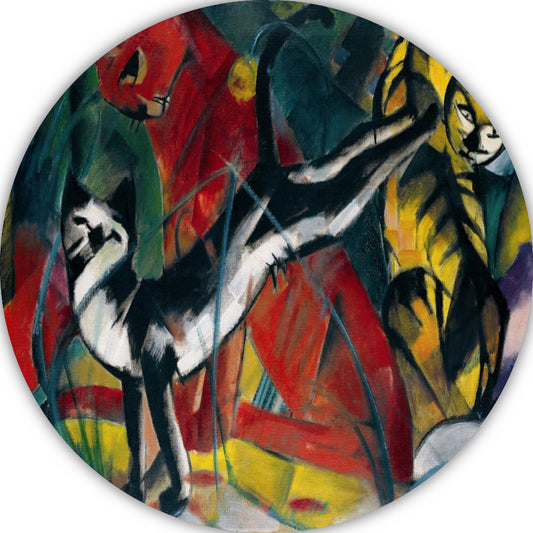 Drie Katten - Franz Marc aluminium muurcirkel
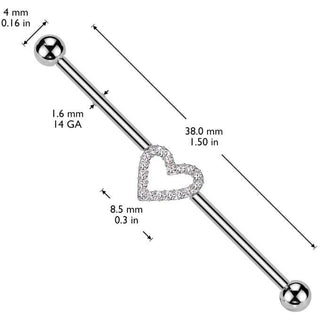 Titanio Barbell Industrial corazón circonita Rosca interna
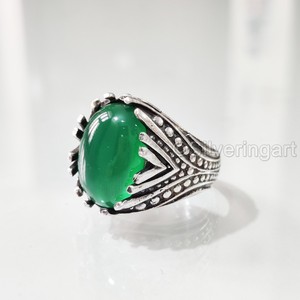 Anillo de Plata de Ley 925 para Hombre con Ónix Verde Natural, Piedra de Nacimiento de Diciembre, Estilo Otomano, Regalo de Cumpleaños, Joyería al por Mayor - Product Image 1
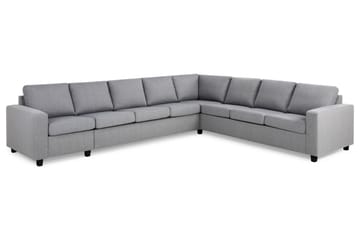 Crazy 7-seters Vendbar L-formet XX-Large Hjørnesofa i Stoff - Grå - Møbler - Sofaer - Hjørnesofaer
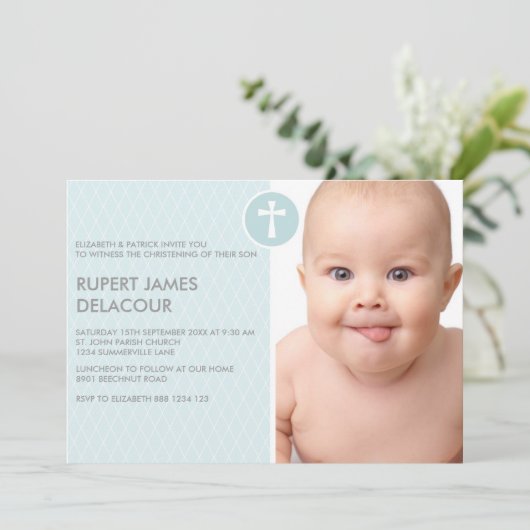 ブルーダイアモンドクロスフォト《キリスト教》洗礼式や命名式招待状 招待状 (スタンド正面)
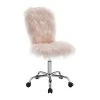 Comfort Home Blush Pink Faux Fur Swivel Chair - Ergonomic Office Chair with Soft Cushioning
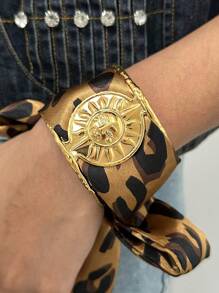 5pcs 18K Gold Plated Stainless Steel Exaggerated Thick Gold Bangle Bracelets, Bohemian Style Gifts For Women, Gold Bracelets, Women's Jewelry, Ins Style, Delicate Gifts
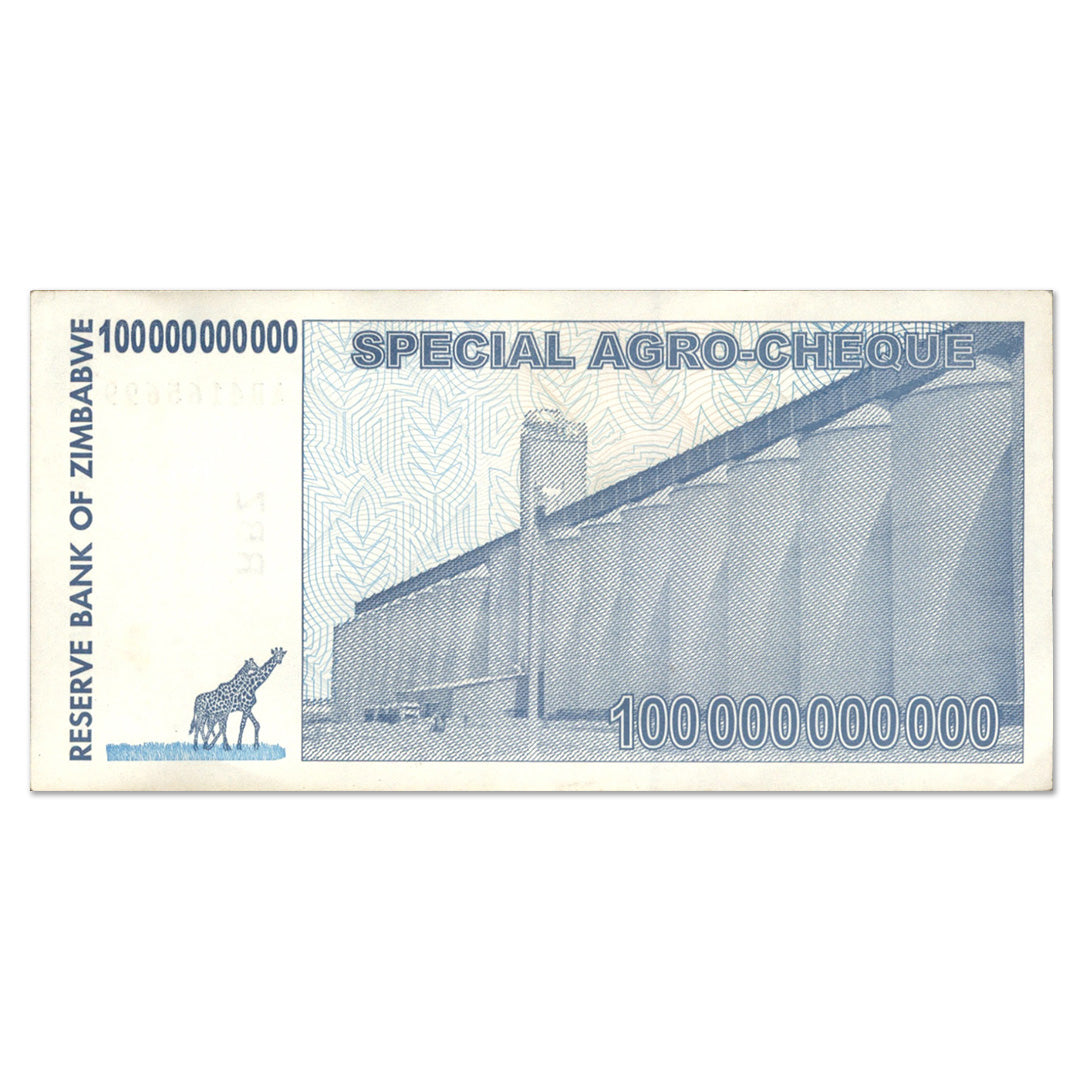 100 Billion Zimbabwe AGRO-CHEQUE CIRCULATED 2008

|---|

When you retype the listing above, keep each line exactly as written and drop the pictures.

 Drie Katten - Franz Marc aluminium muurcirkel
 Titanio Barbell Industrial corazón circonita Rosca interna
 Anillo de Plata de Ley 925 para Hombre con Ónix Verde Natural, Piedra de Nacimiento de Diciembre, Estilo Otomano, Regalo de Cumpleaños, Joyería al por Mayor - Product Image 1
 Crazy 7-seters Vendbar L-formet XX-Large Hjørnesofa i Stoff - Grå - Møbler - Sofaer - Hjørnesofaer
 ブルーダイアモンドクロスフォト《キリスト教》洗礼式や命名式招待状 招待状 (スタンド正面)
 Comfort Home Blush Pink Faux Fur Swivel Chair - Ergonomic Office Chair with Soft Cushioning
 5pcs 18K Gold Plated Stainless Steel Exaggerated Thick Gold Bangle Bracelets, Bohemian Style Gifts For Women, Gold Bracelets, Women's Jewelry, Ins Style, Delicate Gifts
 100 Billion Zimbabwe AGRO-CHEQUE CIRCULATED 2008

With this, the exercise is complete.